Sometimes the inner child within me aches a little, when I am structuring this engagement with our kids. What I would have given to have this in my world as a child; but it wasn’t on the table. That’s okay though, because I am a grown adult who turned out just fine, despite many opportunities for me to lay down in the dust, and admit defeat. I was tempted sometimes, faced with huge obstacles and feeling like I mattered to no one. But that voice that flays me from the inside, wasn’t going to let me, and it may be a mean inner voice, but it worked and continues to work for me today, every time I think “I can’t”.
I’ve been looking for that parental approval my whole life. I know now, that I will never get it, from any source. But if I am a better and stronger person, I shouldn’t be looking for it either, outside of these four walls, where we define our private, family life. And that was the biggest shift in me this week I think. I approve of my husband and my children, and they approve of me. As a family, we see the struggles and obstacles we face, and we rarely (if ever) expect, anticipate or receive help from anyone.
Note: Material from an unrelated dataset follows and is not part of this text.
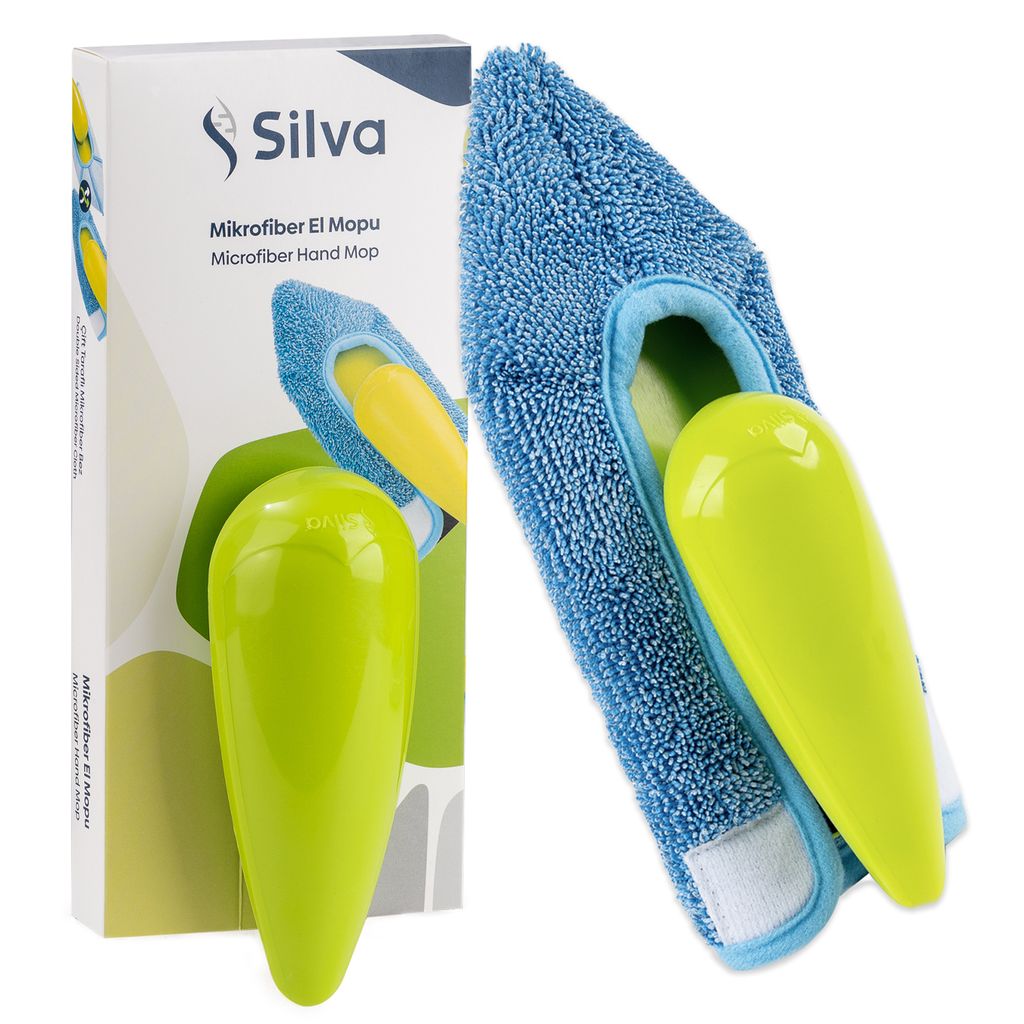 Silva - Mini Hand Mop 2er Set - Nachhaltige Mikrofaser Allzweckbezug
As far as working hard, being strategic and trying to get ahead in life, you become your own cheerleader and praise, when you become an adult. Even if you are slightly jealous of the other grown-up’s who have parents who dole it out, with gold stars, acceptance, and perhaps even parental pride. The voice inside me this year has been yelling “No one gives a shit. Cheer for your own damned self, husband and kids.” It’s my job to nourish their hearts, and no one else. And so I will.
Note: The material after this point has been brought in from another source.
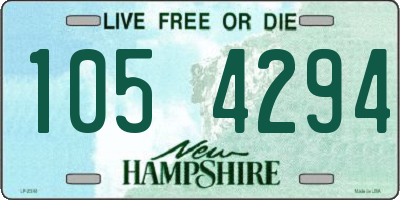 NH license plate 1054294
“This little house, with four big-hearted, peaceful, generous and hard working Taurus’ that just want to love and be loved.”
Something my husband said yesterday about not “being seen”. Something I need to work harder on (because it hurt my heart to hear), is making them feel that there is enough love and acceptance here, in this house, to sustain them, without feeling a gaping absence of it in other relationships.
But the people I love most are those that seek validation and praise by earning it, and provide it as an act of love, to those around them that need that acceptance too. No matter how “strong” or “not in need” they appear to be. Because everyone needs a pat on the back, and to feel like they matter, even if their world (knock on wood) is in order, and it gets harder to love people who consistently make you feel like you don’t matter.